Tony's interest in ecology and conservation began as a teen, when he went camping with a friend's family. "That was it. I was hooked after that."
He enrolled in the biogeography program at the University of Toronto, and with only a couple of camping trips under his belt, Tony chose to do summer field work in the James Bay Lowlands. "I spent four months on a delta, walking around in hip waders at all times. When the mosquitoes came out, they covered everything, even our notebooks." It was at this time that Tony first saw a polar bear.

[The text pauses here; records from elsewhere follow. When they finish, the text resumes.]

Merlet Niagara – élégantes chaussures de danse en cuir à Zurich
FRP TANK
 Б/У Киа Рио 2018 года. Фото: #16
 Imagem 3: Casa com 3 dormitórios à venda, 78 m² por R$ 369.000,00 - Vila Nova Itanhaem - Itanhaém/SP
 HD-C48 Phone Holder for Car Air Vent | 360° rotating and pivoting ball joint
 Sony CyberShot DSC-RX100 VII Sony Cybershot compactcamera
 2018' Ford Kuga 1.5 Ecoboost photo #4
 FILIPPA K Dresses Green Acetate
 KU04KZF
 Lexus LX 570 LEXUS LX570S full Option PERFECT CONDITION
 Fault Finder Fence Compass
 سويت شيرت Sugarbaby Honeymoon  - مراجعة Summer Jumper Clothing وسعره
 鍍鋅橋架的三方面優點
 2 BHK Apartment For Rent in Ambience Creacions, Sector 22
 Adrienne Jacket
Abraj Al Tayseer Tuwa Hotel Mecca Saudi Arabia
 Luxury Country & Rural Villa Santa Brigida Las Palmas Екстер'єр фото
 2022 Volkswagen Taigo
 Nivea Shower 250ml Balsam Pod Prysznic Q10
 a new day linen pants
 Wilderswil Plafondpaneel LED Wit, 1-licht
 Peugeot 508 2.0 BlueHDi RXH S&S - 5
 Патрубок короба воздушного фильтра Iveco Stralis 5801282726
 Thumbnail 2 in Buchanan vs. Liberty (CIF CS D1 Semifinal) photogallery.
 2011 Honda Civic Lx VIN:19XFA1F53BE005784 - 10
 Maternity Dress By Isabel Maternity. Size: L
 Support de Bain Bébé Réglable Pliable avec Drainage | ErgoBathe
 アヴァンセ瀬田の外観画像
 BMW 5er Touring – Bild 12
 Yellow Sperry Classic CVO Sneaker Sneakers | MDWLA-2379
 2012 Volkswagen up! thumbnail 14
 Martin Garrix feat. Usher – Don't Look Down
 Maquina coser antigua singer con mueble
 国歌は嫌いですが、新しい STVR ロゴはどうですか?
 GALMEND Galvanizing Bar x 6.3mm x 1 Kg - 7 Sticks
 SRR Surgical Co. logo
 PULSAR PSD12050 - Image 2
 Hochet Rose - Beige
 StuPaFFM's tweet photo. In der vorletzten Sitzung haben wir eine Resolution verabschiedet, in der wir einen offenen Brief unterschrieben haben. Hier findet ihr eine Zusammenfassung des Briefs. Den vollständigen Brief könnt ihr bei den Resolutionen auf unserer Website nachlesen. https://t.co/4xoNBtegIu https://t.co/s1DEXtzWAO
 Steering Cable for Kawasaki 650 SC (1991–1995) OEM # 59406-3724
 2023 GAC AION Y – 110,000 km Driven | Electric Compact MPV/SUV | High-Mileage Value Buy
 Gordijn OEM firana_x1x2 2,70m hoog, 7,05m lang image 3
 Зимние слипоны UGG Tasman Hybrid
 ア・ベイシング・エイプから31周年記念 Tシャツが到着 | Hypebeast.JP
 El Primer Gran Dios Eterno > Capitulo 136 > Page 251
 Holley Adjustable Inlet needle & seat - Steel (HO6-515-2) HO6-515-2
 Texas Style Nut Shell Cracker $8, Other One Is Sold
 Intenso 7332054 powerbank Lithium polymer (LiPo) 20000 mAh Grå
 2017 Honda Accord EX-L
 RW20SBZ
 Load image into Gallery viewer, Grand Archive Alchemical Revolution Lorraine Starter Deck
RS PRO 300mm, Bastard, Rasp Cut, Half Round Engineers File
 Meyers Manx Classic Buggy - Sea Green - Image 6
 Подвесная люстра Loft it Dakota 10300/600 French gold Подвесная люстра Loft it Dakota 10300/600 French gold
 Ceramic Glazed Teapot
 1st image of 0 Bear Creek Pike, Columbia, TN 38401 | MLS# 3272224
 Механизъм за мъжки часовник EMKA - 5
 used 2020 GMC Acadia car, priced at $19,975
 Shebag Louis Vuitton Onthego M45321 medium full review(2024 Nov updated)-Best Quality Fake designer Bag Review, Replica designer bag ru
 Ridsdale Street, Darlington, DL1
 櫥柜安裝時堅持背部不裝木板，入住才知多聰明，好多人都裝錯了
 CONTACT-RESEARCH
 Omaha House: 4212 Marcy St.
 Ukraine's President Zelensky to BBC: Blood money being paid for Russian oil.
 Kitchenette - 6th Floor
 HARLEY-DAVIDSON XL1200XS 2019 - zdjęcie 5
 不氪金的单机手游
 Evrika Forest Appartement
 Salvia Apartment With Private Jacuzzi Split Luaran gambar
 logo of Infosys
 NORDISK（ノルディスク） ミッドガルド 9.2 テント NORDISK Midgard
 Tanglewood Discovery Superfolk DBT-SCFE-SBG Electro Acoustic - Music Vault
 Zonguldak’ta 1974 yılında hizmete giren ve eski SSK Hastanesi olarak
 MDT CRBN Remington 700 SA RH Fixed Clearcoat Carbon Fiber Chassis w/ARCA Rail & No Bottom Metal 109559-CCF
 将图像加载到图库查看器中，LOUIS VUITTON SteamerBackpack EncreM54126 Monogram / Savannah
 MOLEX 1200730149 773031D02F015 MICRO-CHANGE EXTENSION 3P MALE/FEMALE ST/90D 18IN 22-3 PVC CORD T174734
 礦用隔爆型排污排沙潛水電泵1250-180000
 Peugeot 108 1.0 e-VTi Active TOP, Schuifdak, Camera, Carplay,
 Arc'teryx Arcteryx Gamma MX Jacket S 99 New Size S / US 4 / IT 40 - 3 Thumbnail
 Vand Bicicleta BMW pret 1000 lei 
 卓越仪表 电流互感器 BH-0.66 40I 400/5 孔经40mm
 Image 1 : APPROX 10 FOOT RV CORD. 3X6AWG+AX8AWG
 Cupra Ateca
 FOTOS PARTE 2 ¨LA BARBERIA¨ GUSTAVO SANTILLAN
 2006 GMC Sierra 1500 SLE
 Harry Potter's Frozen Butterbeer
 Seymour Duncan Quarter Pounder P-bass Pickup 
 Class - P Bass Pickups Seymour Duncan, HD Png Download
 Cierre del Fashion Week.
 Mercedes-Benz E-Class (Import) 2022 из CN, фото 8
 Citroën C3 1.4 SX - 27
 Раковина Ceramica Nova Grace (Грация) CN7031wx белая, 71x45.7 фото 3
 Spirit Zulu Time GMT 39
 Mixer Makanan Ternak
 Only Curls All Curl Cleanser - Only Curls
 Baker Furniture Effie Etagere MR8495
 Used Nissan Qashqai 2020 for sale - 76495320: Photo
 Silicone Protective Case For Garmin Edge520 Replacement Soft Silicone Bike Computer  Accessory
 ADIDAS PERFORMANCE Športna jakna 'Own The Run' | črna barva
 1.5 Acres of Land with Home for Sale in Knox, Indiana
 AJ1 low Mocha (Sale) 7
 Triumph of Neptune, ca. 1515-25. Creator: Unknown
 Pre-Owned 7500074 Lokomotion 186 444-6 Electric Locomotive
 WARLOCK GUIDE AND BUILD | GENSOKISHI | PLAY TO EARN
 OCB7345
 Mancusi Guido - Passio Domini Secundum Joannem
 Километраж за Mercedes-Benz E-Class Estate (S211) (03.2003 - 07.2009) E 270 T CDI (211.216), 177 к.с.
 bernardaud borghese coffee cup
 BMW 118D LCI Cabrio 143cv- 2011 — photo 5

"I was the first to wake up one morning, so I went to the kitchen building, and started making coffee and frying bacon. When I stepped out of the building, there was a polar bear waiting on the other side of our small bear fence." The research station was located in what is now part of Wapusk National Park, where two of the bears featured on WWF-Canada's Polar Bear Tracker website were collared.
Tony switched from working in the Tundra to studying the forests further south. As part of his master's degree in forest microclimatology, Tony regularly climbed into the forest canopy to test the evaporation levels amongst the leaves.
Forests are a crucial part of Earth's climate: not only do they impact weather, and store carbon in their bark and leaves, forests also reduce the stress that climate change is causing to species that would otherwise be on the brink. "As temperatures rise, wildlife will need corridors along which to migrate to adapt to the changes. Leaving connected forests intact is crucial to mitigate the impacts of climate change."
Tony has been sharing his knowledge of and passion for forests with WWF-Canada since 1993. He first joined the team to work on the Endangered Spaces campaign. One of his biggest achievements has been the advancement of Forest Stewardship council (FSC), which is a certification system that helps consumers choose wood and paper products that come from sustainably managed forests.
"One of my main goals is to increase public awareness and understanding of FSC labelling," says Tony. In doing this, Tony is making it easier for all consumers to reduce their ecological footprint.